One of the addicts says something to the effect that she has grown to hate alcohol, that she doesn’t even like it. I can relate. It gets to the point that it doesn’t even taste good. Probably because of the taste it leaves in my mouth the next morning, the pain I see in my husband’s and kid’s eyes and because of the toll it takes.

Freaky!

When I started this blog, I promised myself I would not hold back on what hurts me no matter who reads this for fear that I would upset someone I love. The sober me doesn’t want to hurt anyone. The intoxicated me doesn’t care.

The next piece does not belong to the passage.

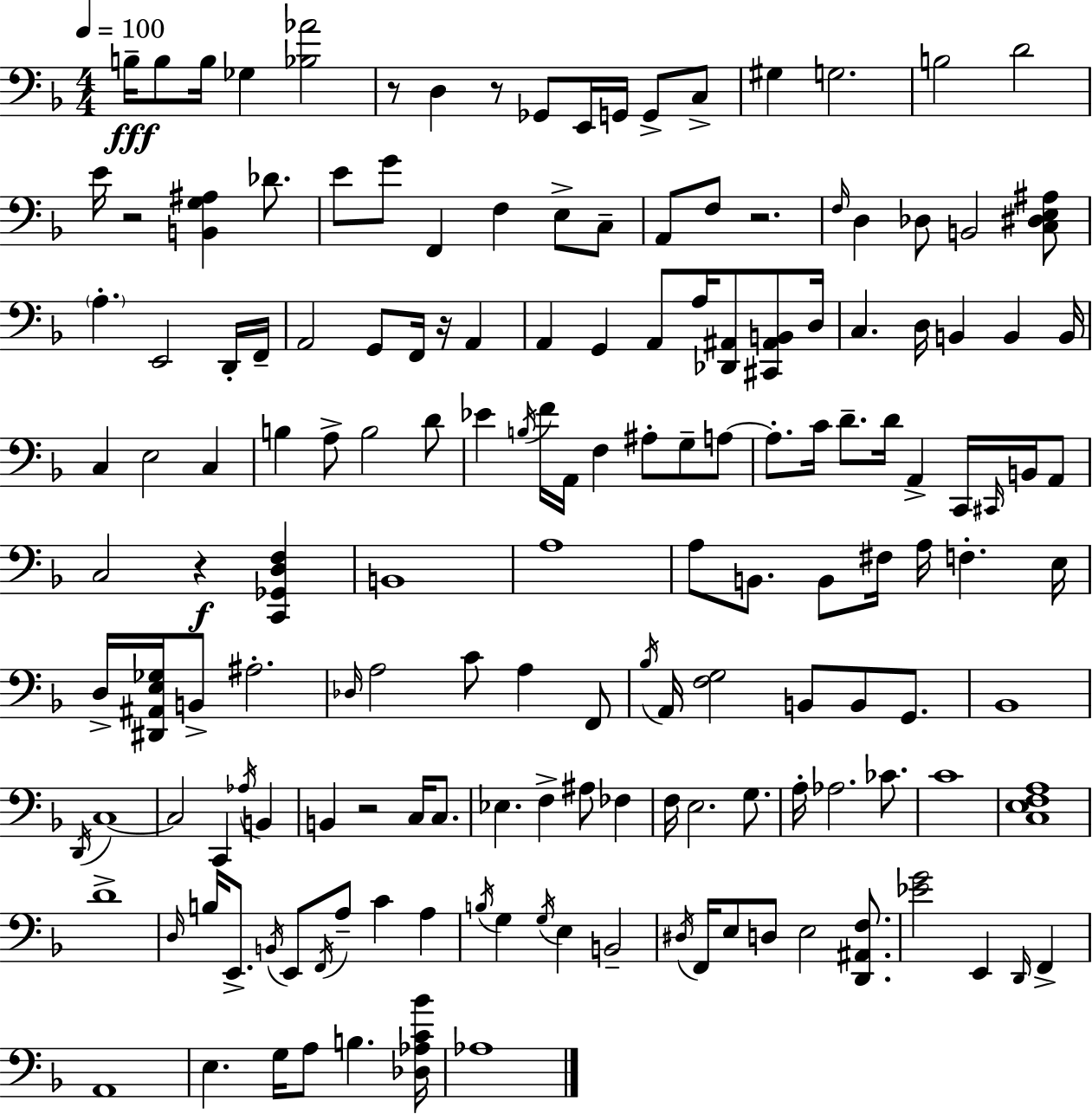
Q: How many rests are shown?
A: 7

Sobriety makes me feel everything. My mind is sensitive as well as my heart. I was upset last night. How could I be in such a good place and Bam! Like a switch. I’m angry, resentful and not really at peace. I vent to my husband because I trust him. He’s heard it all before. Again & again. Over & over. I cry. I cry hard. Crying sometimes makes me feel uncomfortable. Shows I’m weak. Admits I’m hurt. Makes me feel foolish. I hate that. Hate brings on resentment and there you have it, a vicious cycle.

Talking to certain people or even seeing certain people make me question myself. I understand the whole, you allow people to make you feel a particular way. When they’re friends it’s easier to do than when it’s family. My expectations on how a family should be with each person having an exact role and behavior must be where this blows up for me. Are my expectations too high? Are they insane? Wrong? I need to be comfortable with the fact that just because I’m making changes doesn’t mean everyone else needs to be on board. I need to get over it, reset boundaries and realize this is not going to change. Ever.

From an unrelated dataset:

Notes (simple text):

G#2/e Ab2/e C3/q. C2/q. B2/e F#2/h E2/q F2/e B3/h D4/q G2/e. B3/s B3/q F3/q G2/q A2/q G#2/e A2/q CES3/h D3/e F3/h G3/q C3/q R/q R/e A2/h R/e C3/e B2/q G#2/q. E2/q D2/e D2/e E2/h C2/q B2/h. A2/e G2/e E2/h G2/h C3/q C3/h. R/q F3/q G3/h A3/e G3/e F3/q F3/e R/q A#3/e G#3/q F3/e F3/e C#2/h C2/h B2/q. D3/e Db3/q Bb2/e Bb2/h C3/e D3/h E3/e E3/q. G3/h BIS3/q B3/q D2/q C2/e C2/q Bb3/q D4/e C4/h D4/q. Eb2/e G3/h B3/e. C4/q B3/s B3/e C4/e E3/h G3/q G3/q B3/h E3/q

I struggle with a couple relationships. I dream they become different. I even wish. I’m admitting that I am powerless to make these relationships different. C’mon, how much more time can I spend trying or hoping things are the way I hope for? When people tell you to trust that everything’s going to work out I want to storm off. Hello! Trust is hard for me. So more importantly, I’m learning to focus on me being 100% present for my daughters and husband. Eventually every storm runs out of rain? Right? I want the calm and I want it really bad. I don’t want to look back 10 years from now and realize that I wasted time I had with my kids by living in a state of perpetual distraction.

I’m learning from my mistakes. Repeating them over and over would be insanity. I won’t go there.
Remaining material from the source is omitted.